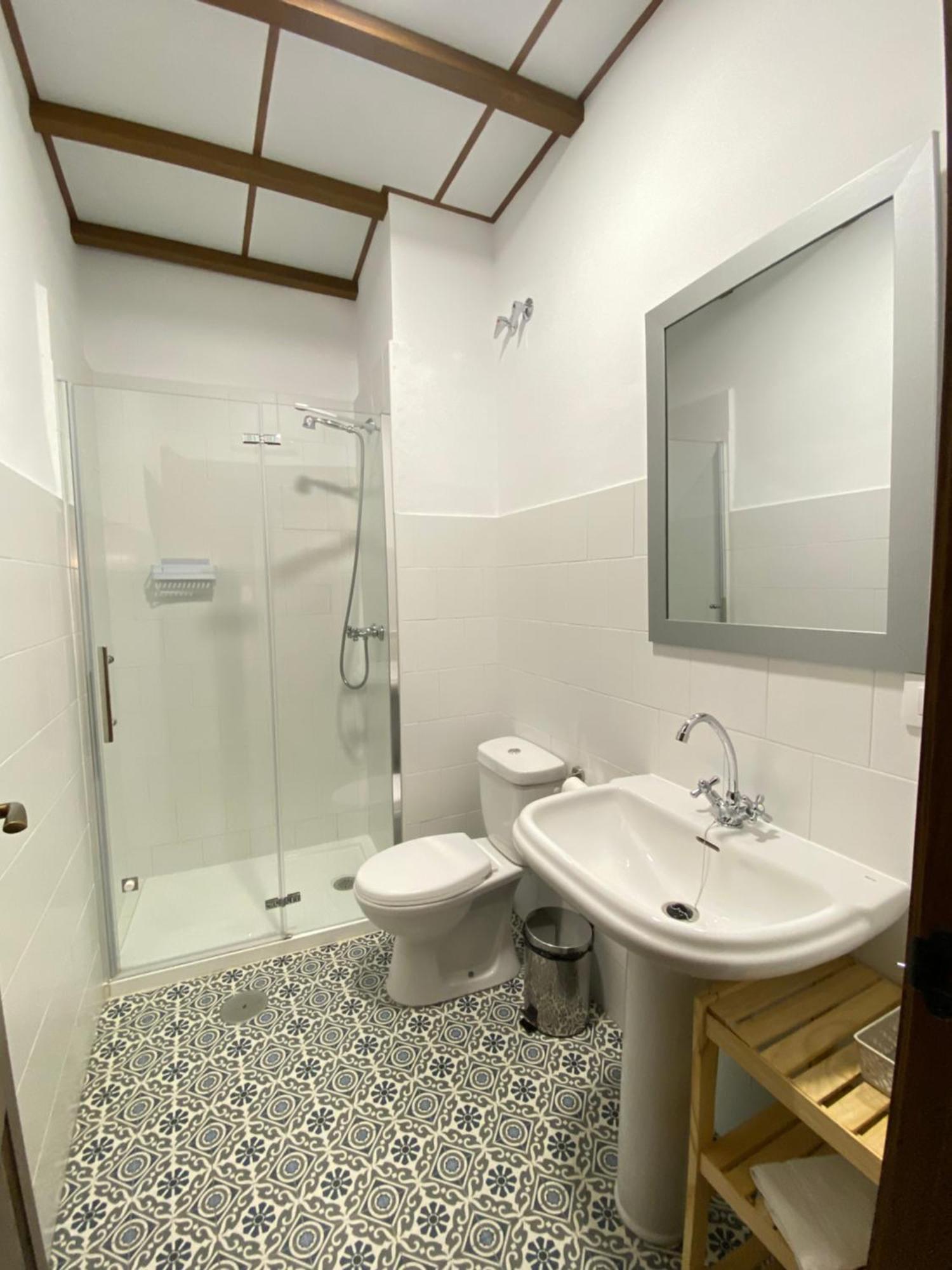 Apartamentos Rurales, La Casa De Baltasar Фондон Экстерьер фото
==
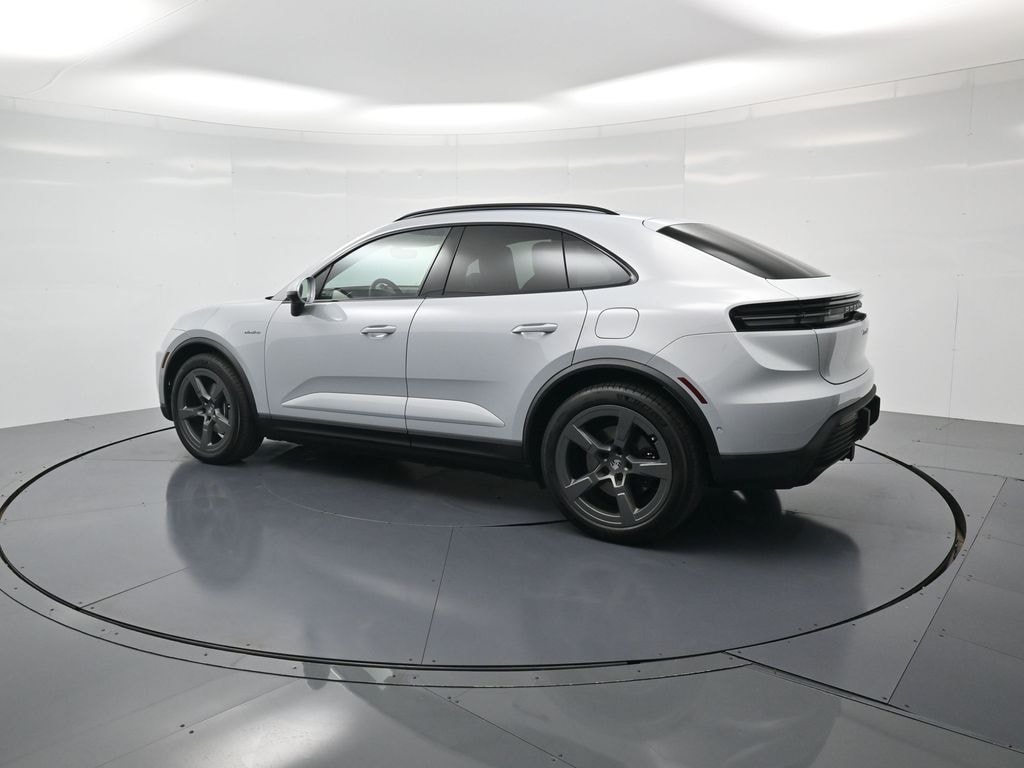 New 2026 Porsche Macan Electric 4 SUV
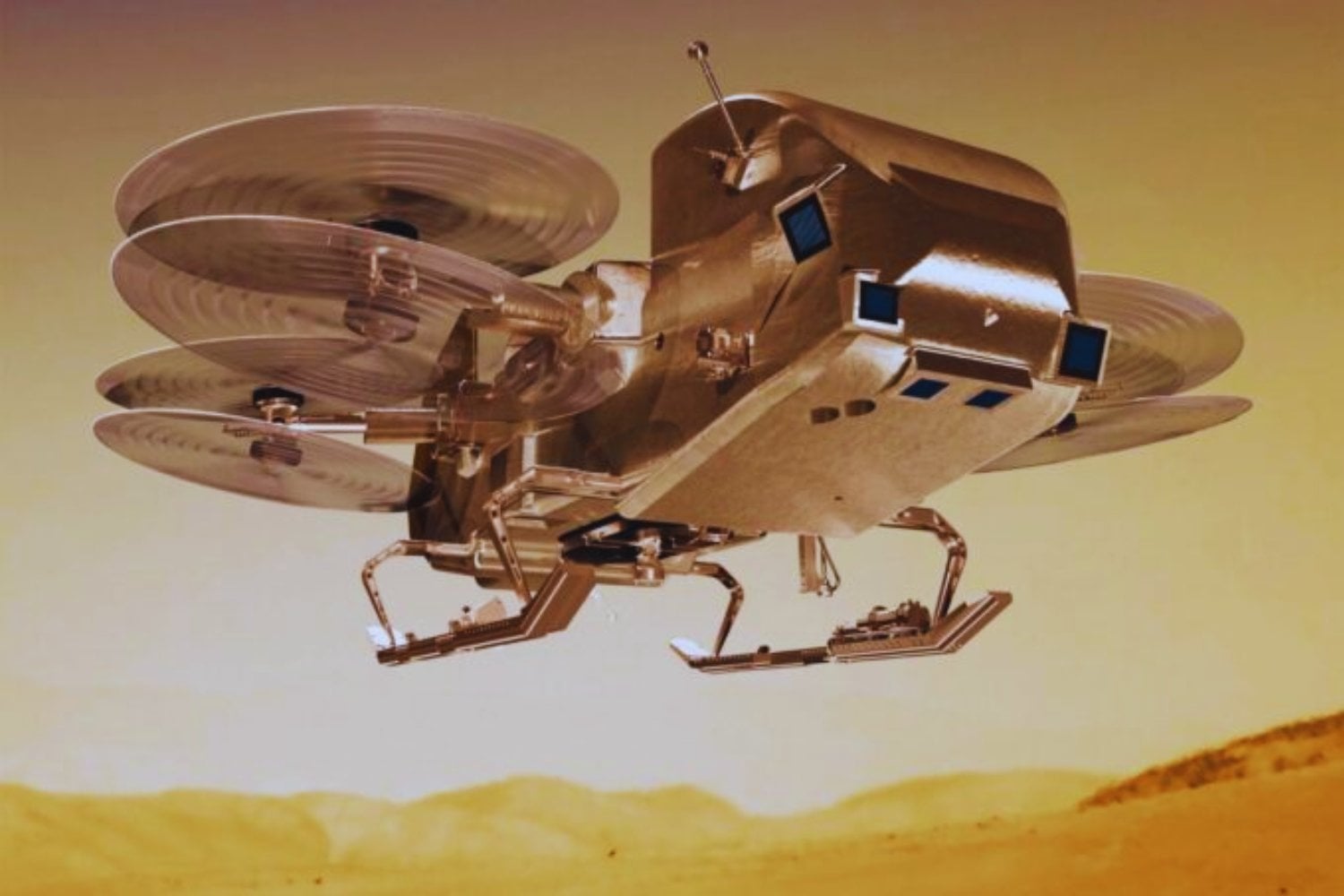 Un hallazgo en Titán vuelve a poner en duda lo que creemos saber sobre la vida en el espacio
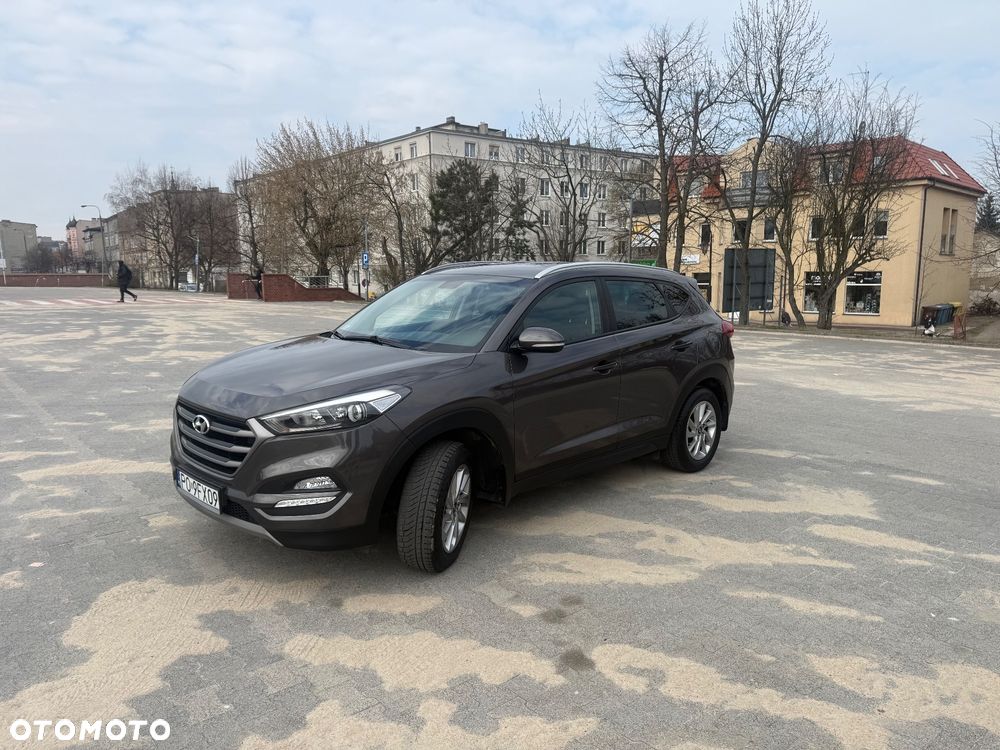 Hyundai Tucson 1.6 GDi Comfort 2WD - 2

> **TASK INSTRUCTIONS**:
In the data above, start at the line holding "Un hallazgo en" and stop after the line holding "Hyundai Tucson 1.6 GDi Comfort 2WD - 2"; write out those lines exactly, without pictures.

> **TASK RESPONSE**:
 Un hallazgo en Titán vuelve a poner en duda lo que creemos saber sobre la vida en el espacio
 Hyundai Tucson 1.6 GDi Comfort 2WD - 2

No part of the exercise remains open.